«La fede in Cristo fa storia: il trascorrere del tempo, l’evoluzione dei rapporti entro la famiglia, entro la comunità di appartenenza, il mutare delle situazioni, l’assunzione delle diverse responsabilità, il variare delle condizioni di lavoro, di salute… tutta la vita pone domande alla fede e tutta la vita riceve risposte, nuova luce dall’unica rivelazione di Gesù. La perseveranza nella fede scrive una storia salvata, in cui progressivamente si svela che “né morte, né vita, né angeli né principati, né presente né avvenire, né potenze, né altezza, né profondità, né alcun’altra creatura potrà mai separarci dall’amore di Dio, che è in Gesù Cristo, nostro Signore” (Rm 8,38-39)». Questo ampio testo che conclude il n. 6 della lettera pastorale dell’Arcivescovo mette a tema il rapporto tra la fede e la storia. Un rapporto essenziale per la storia, ma anche per la fede.

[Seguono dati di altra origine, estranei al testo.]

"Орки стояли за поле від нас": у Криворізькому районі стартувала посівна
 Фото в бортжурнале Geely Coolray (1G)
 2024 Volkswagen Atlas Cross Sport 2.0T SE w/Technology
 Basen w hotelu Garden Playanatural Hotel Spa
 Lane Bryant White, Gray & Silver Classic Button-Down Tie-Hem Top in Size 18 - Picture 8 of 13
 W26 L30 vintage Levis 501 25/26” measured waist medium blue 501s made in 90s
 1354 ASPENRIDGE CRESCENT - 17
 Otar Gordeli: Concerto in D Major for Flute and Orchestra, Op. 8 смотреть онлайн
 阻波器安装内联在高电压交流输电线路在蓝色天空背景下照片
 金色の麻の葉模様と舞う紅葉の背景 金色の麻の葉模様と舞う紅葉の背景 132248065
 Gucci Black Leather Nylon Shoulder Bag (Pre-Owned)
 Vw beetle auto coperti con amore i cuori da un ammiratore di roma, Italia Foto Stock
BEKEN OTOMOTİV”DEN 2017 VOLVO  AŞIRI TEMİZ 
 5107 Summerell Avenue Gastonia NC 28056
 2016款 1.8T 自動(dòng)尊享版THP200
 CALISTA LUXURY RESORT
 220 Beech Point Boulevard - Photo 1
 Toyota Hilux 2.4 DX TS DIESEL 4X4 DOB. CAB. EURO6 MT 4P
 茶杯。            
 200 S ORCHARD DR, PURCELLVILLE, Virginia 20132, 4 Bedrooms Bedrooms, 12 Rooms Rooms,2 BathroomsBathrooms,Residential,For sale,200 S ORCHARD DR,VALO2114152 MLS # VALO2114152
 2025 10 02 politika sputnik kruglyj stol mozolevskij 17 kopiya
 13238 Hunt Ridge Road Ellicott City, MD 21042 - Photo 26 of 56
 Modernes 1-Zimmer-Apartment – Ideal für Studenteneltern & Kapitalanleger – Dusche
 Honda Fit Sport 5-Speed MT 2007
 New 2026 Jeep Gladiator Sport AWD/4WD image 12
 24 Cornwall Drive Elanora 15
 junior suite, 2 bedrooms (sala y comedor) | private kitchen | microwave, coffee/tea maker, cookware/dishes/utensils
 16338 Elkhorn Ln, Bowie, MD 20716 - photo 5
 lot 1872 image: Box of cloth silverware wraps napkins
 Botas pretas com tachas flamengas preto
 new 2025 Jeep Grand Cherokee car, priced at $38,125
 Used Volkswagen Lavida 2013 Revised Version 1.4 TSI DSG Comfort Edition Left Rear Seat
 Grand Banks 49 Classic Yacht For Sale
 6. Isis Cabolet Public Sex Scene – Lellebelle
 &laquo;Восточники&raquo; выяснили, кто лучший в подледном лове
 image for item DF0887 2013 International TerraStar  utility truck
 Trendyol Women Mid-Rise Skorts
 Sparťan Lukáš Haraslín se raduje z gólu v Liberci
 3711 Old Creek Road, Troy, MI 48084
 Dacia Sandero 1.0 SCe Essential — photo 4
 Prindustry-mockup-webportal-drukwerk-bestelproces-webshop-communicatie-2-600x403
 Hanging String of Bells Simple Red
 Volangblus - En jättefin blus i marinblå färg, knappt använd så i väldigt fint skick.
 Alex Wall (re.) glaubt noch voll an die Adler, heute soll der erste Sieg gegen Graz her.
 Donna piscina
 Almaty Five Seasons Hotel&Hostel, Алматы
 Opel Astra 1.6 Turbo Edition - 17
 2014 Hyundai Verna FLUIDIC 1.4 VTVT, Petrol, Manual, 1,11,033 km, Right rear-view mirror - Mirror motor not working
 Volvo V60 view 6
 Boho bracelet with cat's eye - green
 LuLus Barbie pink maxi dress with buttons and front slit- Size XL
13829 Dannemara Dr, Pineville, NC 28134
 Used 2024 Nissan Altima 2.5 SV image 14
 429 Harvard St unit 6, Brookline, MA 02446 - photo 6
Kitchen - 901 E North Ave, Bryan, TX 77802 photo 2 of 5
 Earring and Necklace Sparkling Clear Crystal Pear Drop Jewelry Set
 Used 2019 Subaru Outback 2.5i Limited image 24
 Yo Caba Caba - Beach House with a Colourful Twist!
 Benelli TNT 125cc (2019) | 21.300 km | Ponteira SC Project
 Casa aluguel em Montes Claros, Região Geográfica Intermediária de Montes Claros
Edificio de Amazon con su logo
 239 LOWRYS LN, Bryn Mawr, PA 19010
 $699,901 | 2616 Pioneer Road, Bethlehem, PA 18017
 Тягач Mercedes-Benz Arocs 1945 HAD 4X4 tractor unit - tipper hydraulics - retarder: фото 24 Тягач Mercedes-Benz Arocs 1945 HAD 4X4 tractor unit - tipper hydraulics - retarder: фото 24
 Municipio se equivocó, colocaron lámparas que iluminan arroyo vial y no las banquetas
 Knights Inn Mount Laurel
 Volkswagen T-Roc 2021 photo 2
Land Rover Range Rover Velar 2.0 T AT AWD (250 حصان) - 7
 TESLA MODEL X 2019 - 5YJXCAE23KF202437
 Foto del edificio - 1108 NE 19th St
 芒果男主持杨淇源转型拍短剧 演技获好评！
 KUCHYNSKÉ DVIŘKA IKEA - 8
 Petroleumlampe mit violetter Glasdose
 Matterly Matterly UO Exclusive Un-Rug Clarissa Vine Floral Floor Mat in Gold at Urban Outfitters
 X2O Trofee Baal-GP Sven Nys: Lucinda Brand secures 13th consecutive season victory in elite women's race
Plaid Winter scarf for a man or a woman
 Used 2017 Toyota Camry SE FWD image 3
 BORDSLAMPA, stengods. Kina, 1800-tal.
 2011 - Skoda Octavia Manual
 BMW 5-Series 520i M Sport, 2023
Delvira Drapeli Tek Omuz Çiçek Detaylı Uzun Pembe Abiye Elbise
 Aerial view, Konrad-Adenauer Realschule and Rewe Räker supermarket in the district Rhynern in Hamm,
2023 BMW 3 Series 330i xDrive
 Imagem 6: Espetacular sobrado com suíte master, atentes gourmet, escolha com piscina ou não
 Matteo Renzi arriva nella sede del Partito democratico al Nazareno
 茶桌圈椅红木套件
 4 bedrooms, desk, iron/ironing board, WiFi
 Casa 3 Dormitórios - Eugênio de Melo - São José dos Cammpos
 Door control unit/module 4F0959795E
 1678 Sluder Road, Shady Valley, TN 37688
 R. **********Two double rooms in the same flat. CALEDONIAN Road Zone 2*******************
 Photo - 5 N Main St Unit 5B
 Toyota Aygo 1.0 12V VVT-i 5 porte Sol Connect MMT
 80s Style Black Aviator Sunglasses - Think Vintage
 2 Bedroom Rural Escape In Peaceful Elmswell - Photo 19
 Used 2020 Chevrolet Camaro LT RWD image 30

Quante cose cambiano nel corso della vita. La mutazione è un elemento costitutivo – direi strutturale – dell’esperienza umana. Basti pensare, appunto, alle età della vita e allo sviluppo della propria personalità: non a caso parliamo di “tappe” della crescita. Anche le situazioni cambiano, a volte improvvisamente. Vi sono infatti mutazioni previste a cui ci si può preparare e altre invece per nulla prevedibili, che nella gran parte dei casi ci colgono impreparati.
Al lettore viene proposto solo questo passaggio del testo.